▶ [Stored data]
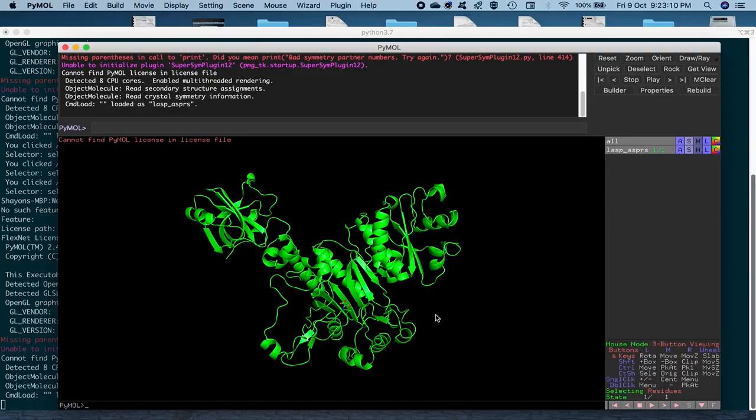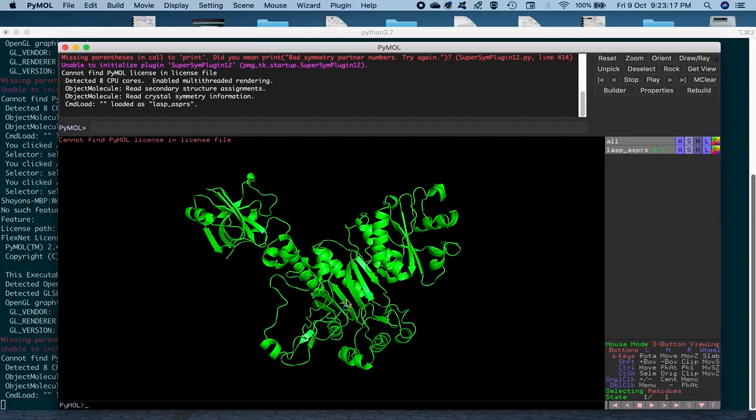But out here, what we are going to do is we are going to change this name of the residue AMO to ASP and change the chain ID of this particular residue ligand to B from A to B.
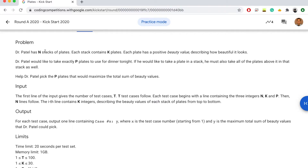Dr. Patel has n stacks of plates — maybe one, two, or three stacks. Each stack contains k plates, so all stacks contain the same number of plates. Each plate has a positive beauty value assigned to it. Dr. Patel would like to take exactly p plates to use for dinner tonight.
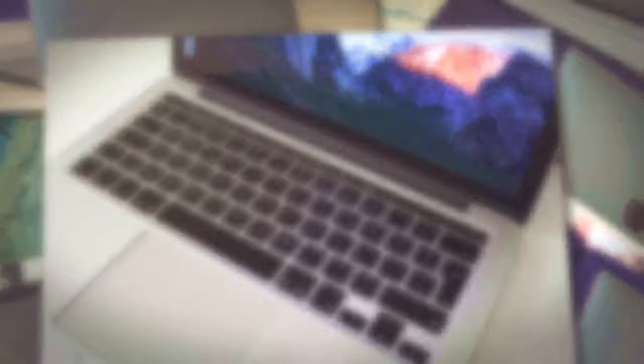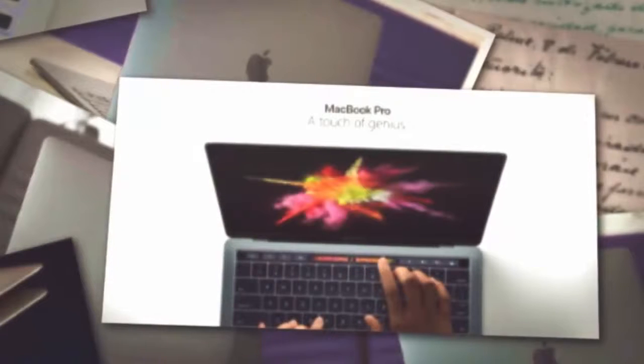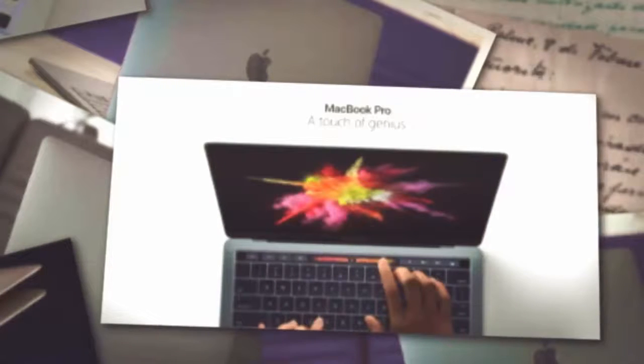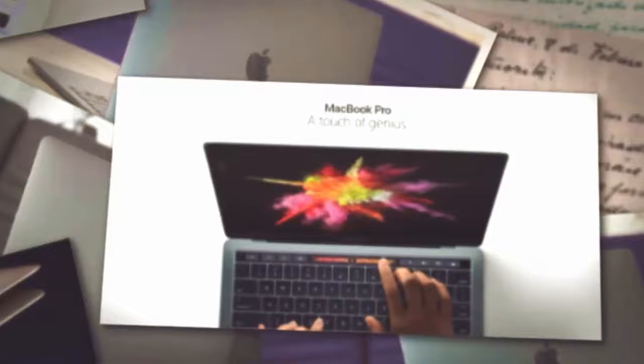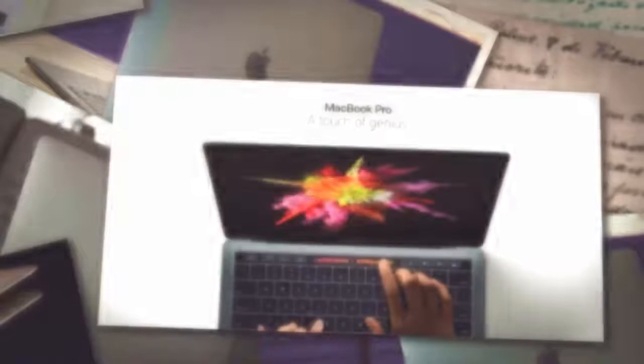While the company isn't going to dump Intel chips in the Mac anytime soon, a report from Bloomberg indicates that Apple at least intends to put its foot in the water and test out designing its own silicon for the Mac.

▶ [Task to complete] Without the pictures, print the whole listing exactly as given.

▶ [Exercise solution]
But out here, what we are going to do is we are going to change this name of the residue AMO to ASP and change the chain ID of this particular residue ligand to B from A to B.
Dr. Patel has n stacks of plates — maybe one, two, or three stacks. Each stack contains k plates, so all stacks contain the same number of plates. Each plate has a positive beauty value assigned to it. Dr. Patel would like to take exactly p plates to use for dinner tonight.
While the company isn't going to dump Intel chips in the Mac anytime soon, a report from Bloomberg indicates that Apple at least intends to put its foot in the water and test out designing its own silicon for the Mac.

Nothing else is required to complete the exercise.